Standardization of Fatigue Characteristics of Cement-Treated Aggregate Base Materials under Different Stress States

• Main Authors: Jiawei Xie, Limin Tang, Songtao Lv, Naitian Zhang, Tuo Huang, Hongfu Liu
• Format: Article
• Language: English
• Published: MDPI AG 2018-09-01
• Series: Applied Sciences
• Subjects: cement-treated aggregate base materials; fatigue equation; Weibull distribution; Standardization model; interval parameter analysis
• Online Access: http://www.mdpi.com/2076-3417/8/9/1500

In this study, to decrease the evaluation uncertainty of the fatigue characteristics of cement-treated aggregate base materials under different test conditions, unconfined compressive, indirect tensile, flexural tensile strength tests and fatigue tests of these base materials with different cement content and at different curing times were carried out.
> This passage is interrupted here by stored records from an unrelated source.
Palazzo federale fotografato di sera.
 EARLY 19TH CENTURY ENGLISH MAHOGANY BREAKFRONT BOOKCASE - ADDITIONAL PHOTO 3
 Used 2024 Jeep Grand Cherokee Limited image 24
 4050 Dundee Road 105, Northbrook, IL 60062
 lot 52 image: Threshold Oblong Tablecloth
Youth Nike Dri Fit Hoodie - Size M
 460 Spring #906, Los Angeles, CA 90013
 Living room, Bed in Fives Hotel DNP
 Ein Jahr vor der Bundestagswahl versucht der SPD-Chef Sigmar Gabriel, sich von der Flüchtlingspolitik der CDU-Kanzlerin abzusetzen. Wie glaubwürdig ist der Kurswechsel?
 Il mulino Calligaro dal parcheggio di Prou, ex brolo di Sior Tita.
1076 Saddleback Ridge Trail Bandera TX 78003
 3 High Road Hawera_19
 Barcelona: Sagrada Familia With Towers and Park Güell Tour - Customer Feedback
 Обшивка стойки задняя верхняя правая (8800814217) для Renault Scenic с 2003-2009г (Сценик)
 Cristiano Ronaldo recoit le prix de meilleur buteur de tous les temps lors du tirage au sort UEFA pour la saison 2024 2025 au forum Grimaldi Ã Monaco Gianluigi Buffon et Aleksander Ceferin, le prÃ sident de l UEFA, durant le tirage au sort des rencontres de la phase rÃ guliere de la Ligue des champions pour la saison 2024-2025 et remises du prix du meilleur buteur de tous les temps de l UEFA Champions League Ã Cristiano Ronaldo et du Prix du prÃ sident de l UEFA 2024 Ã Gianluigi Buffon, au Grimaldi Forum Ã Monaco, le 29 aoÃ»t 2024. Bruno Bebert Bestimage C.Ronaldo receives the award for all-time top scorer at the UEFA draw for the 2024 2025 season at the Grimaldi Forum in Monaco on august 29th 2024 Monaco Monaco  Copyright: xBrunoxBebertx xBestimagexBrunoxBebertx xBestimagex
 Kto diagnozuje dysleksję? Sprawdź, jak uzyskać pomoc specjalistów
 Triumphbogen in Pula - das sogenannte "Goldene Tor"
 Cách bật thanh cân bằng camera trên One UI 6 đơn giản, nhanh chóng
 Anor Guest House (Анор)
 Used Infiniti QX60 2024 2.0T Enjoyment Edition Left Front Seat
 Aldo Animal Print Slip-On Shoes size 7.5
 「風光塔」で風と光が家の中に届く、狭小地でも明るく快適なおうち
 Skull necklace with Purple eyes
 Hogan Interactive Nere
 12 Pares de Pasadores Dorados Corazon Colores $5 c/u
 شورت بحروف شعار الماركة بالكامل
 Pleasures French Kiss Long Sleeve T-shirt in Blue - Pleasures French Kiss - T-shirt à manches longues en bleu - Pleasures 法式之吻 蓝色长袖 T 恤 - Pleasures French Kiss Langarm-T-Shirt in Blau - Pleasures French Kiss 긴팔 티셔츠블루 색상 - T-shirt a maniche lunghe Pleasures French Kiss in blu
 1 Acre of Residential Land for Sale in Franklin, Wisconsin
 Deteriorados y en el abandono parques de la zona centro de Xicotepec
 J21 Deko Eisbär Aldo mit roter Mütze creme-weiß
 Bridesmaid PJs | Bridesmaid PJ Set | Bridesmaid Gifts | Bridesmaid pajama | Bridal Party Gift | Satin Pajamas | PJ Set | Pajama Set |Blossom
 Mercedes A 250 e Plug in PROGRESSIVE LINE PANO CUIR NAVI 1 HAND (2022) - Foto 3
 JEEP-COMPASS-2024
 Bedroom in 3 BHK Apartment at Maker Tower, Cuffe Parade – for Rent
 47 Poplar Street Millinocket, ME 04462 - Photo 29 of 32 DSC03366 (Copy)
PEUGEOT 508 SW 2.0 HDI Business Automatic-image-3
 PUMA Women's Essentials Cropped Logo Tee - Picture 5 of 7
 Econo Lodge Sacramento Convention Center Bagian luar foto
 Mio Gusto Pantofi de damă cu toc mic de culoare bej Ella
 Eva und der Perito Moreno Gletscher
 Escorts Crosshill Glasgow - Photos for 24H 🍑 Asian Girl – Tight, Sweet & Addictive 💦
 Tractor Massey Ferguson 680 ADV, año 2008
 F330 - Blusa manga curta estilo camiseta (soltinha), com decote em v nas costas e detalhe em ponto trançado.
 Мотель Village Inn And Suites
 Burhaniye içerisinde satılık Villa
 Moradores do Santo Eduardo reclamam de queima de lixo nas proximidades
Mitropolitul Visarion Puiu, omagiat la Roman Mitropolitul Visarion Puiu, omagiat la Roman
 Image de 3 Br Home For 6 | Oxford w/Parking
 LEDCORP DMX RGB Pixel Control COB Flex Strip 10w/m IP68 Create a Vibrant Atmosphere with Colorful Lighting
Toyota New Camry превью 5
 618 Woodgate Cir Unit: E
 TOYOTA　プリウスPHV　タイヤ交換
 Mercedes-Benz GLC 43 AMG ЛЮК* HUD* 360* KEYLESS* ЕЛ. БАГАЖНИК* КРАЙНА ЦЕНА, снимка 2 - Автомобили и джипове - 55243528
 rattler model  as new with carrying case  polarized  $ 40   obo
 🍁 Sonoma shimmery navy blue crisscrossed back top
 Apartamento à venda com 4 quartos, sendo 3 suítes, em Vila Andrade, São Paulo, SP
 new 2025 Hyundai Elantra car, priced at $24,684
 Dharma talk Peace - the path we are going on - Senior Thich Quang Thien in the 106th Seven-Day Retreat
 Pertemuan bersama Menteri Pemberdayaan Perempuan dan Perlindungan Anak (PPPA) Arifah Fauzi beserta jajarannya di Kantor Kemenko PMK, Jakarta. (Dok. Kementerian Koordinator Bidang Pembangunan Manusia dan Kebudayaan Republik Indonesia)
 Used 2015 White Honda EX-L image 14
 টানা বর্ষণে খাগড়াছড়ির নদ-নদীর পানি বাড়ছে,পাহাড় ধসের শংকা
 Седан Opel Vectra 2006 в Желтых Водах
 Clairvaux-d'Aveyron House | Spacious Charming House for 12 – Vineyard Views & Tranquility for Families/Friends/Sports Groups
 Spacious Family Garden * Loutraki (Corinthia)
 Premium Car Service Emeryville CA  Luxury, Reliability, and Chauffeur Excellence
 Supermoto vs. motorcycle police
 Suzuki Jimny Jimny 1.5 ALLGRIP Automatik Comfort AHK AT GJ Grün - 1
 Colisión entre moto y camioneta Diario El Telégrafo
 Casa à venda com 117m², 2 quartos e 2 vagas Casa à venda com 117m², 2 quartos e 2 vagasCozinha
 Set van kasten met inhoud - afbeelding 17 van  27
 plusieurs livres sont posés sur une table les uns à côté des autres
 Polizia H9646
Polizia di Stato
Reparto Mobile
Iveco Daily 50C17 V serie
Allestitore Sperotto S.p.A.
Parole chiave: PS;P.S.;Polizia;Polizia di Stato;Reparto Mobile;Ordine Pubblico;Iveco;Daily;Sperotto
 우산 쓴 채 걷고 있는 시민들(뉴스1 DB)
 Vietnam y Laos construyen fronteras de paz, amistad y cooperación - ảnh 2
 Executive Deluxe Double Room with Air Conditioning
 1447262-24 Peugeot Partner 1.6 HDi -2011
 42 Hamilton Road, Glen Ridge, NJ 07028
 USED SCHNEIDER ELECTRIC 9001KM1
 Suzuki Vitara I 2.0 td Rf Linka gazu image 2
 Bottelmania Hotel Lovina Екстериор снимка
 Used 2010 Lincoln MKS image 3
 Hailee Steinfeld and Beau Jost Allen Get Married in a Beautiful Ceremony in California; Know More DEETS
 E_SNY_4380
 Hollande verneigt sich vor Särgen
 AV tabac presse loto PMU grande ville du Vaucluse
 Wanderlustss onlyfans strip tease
The Weibull distribution was employed to analyze fatigue test results. The standardization model of fatigue characteristics for cement-treated aggregate base materials under different stress states was established. Based on the interval analysis theory, the fatigue characteristic model under different stress states was established using interval parameters. Results revealed that the curing time and cement content considerably affect the strength and fatigue characteristics of cement-treated aggregate base materials, and with increasing cement content and curing time, the fatigue resistance of cement-treated aggregate base materials can be improved. Clear differences between the fitting parameters a and b of the S-N fatigue equation of cement-treated aggregate base materials under different stress states were observed, which can be eliminated by using the analysis method based on the Weibull distribution and the standardization model, and a unified expression for the cement-treated aggregate base materials under different test conditions was realized. A Standardization model of fatigue characteristics based on the interval analysis new method could solve several problems such as inadequate sampling representation, low precision, and insufficient stability of test equipment; thus, the errors caused by materials, structures, the environment, and loads can be reduced, making the fatigue life interval more reasonable and scientific compared to the point numerical fatigue life. Regression parameters a and be were in intervals [9.0, 10.6] and [9.9, 11.3], respectively, and parameters a and b were similar, which improve the test accuracy and reduce the data error.